Ehsaas programme is budgeted to receive 260 billion rupees - a rise of 24 percent from this year but with no credible poverty data this rise cannot be used as a yardstick to show a decline in poverty levels.
Tax revenue is budgeted to rise to 5829 billion rupees, close to the Fund's target of 5963 million rupees target for the year. However, indirect taxes, whose incidence on the poor is greater than on the rich, are budgeted to generate 62 percent of total FBR revenue - a rise from 58 percent in 2020-21. And disturbingly petroleum levy, a primary source of inflation, is budgeted to generate 610 billion rupees - 3 billion rupees more than what is noted in the second to fifth IMF review documents.
The source of revenue, the Finance Minister noted, would be distinct from what was agreed in February 2021 with the IMF. New taxes on income would generate an additional 58 billion rupees while the February 2021 ordinance withdrawing exemptions/concessions now made part of the finance bill are projected to generate 80 billion rupee. Tax on consumption (sales and excise duty) is projected to have a net impact of 196 billion rupees.
The tax machinery would be reoriented to go after evaders, identify those out of the tax net and information technology would be used extensively to detect prospective tax payers - tax enforcement measures projected to generate 242 billion rupees. GST base will be expanded and incentivize consumers through a system of prizes on sales tax receipts, relax restriction on input tax adjustment and withdraw federal excise duty and reduce sales tax on locally manufactured cars, impose federal excise on mobile calls exceeding 3 minutes, internet data usage and SMS messages.

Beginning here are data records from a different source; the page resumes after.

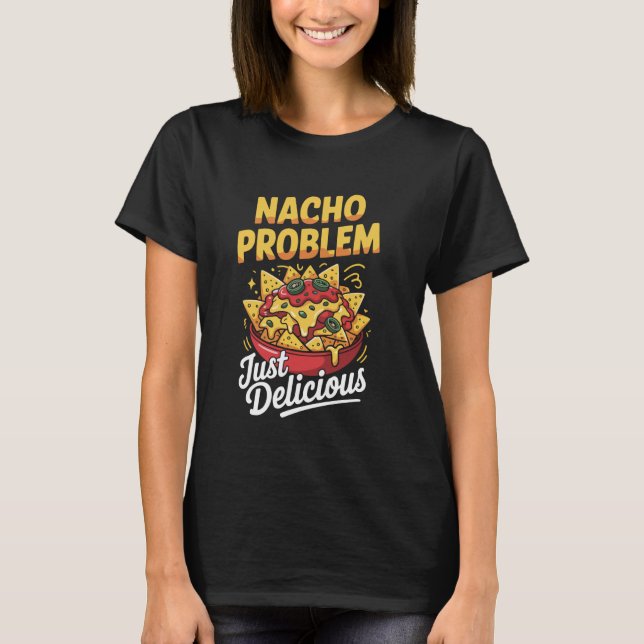 Nacho Problem Bara Läcker Mexikansk Kul T Shirt (Framsida)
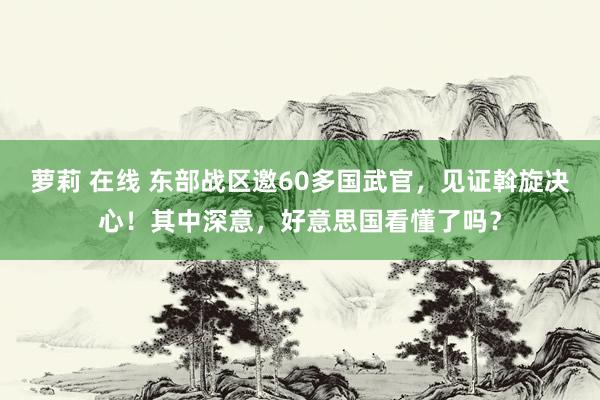 萝莉 在线 东部战区邀60多国武官，见证斡旋决心！其中深意，好意思国看懂了吗？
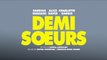 DEMI SOEURS (2018) Bande Annonce VF - HD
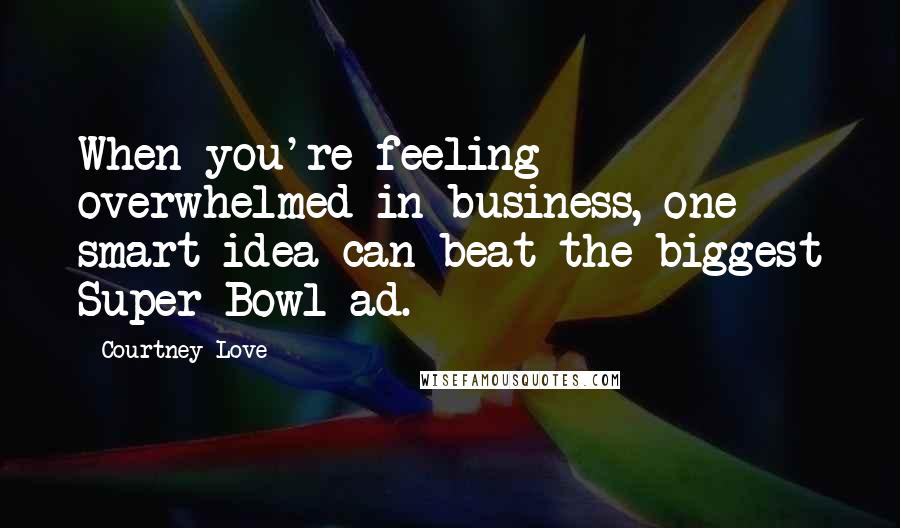 Courtney Love Quotes: When you're feeling overwhelmed in business, one smart idea can beat the biggest Super Bowl ad.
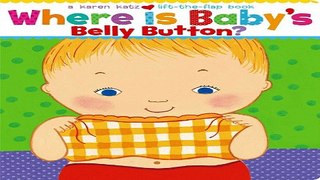 Read Where Is Baby s Belly Button  A Lift the Flap Book Ebook pdf download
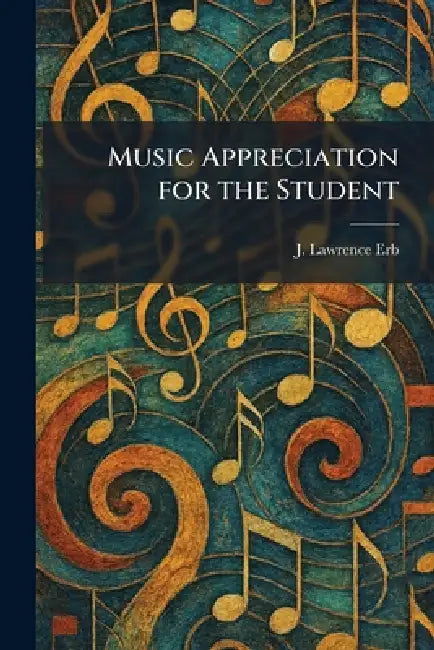 Music Appreciation for the Student by J. Lawrence Erb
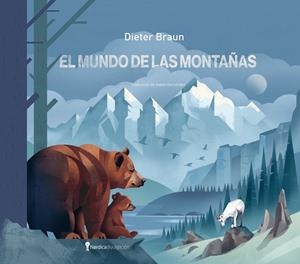 EL MUNDO DE LAS MONTAÑAS | 9788419735553 | BRAUN, DIETER | Llibreria Online de Banyoles | Comprar llibres en català i castellà online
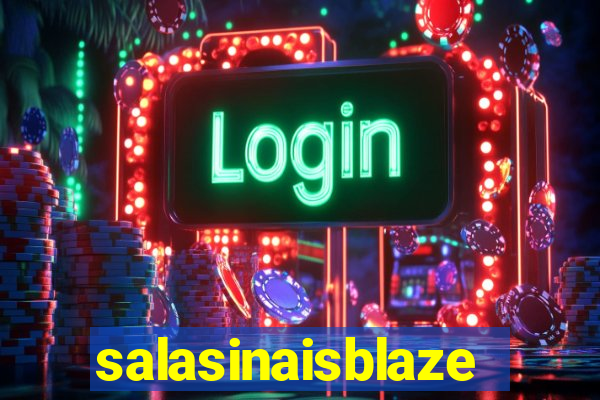 salasinaisblaze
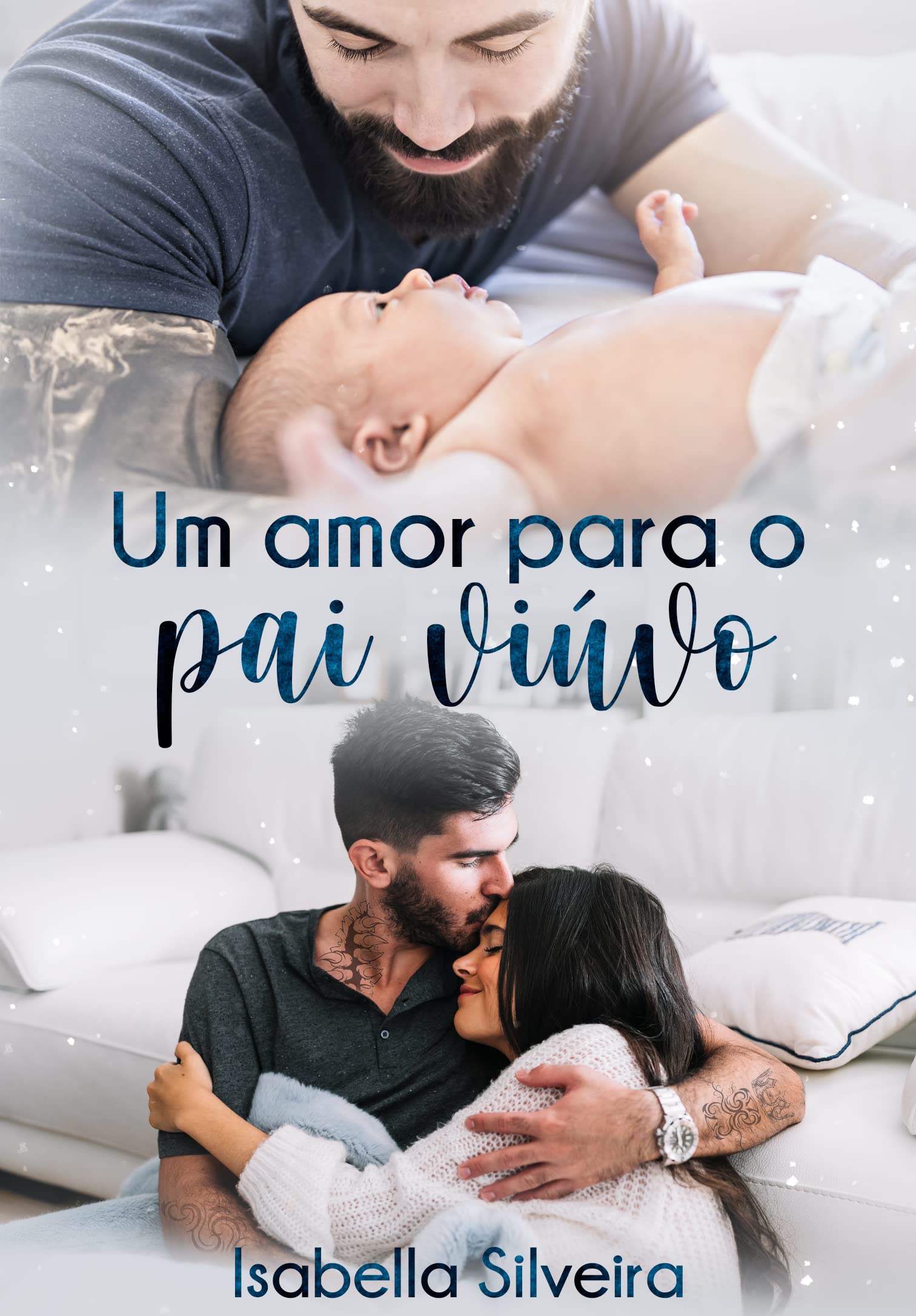 Um Amor para o Pai Viúvo (Kindle Edition)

However what was perhaps the most disturbing aspect of the budget 2021-22 was the following statement no doubt endorsed by Shaukat Tarin in his capacity as the Finance Minister, the architect and erstwhile defender of the NFC award: "revisiting the NFC award. Moreover persuading the provinces to fulfil their funding commitments made at the time of the merger of the erstwhile FATA."